I can calcukate the velocity of a flow traveling down a slope.

I would like to check that the units I'm using in this equation are correct. Therefore I do some checks:

$$ms^{-1} = \left(\frac{m^{2} s^{-3} \times m \times ^{o}}{-}\right)^{1/3}$$

note $C$ is dimensionless. If I ignore the degree symbol for $\sin(\theta)$ this equation makes sense i.e. the units on the left and right match up. How does this work without ignoring the degree unit? Would you even consider the degree when doing this? Note that $\theta$ is the angle of a slope.

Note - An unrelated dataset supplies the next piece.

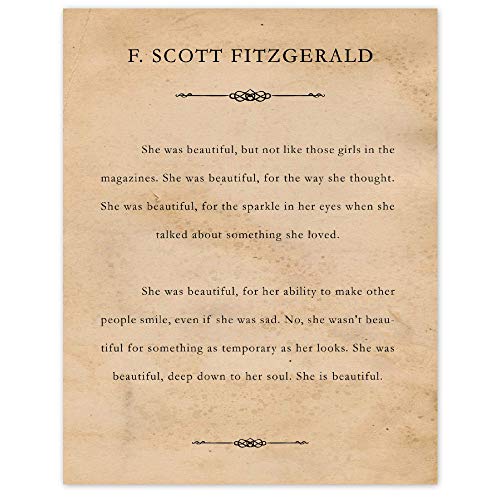 F Scott Fitzgerald She Was Beautiful Quote Prints, 1 (11×14) Unframed Typography Book Page Photos, Wall Art Book Decor Gifts Under 15 for Home Office Garage Library Student Teacher Literature Fan post thumbnail image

• – Gowtham Mar 5 '15 at 9:36
• So, here I'm suppose to use radians and not degrees for the calculation – Emma Tebbs Mar 5 '15 at 9:38
• Radians are just a multiplicative factor away from degrees. – Kieran Hunt Mar 5 '15 at 9:39
• It doesn't matter what angle units you use. The point is that the sine is unit less. – Steeven Mar 5 '15 at 10:01
• More on degrees vs. radians. More on radians & units. – Qmechanic Mar 5 '15 at 11:04

## 2 Answers

The angle $\theta$ might have units of degrees, yes. It could also have been in e.g. radians. But putting it through the sine function removes the unit. The $\sin(\theta)$ is unitless.

The sine and cosine functions are defined as the "distance" vertically and horizontally, respectively, to the point on the unit circle. That is, a distance per unit lenght. That is unitless. By using these functions you get a distance without units, not an angle.

• I see , I didn't know that. – Emma Tebbs Mar 5 '15 at 9:57

According to the SI Brochure as well as ISO 80000, plane angle is an ISQ derived quantity.

The SI coherent derived unit of the plane angle expressed in terms of SI base units is ${\text{m/m}}$. Thus, expressed in terms of other SI units, the SI coherent derived unit is simply $1$.

The radian is a special name for the number one that may be used to convey information about the quantity concerned. The special symbol is ${\text{rad}}$.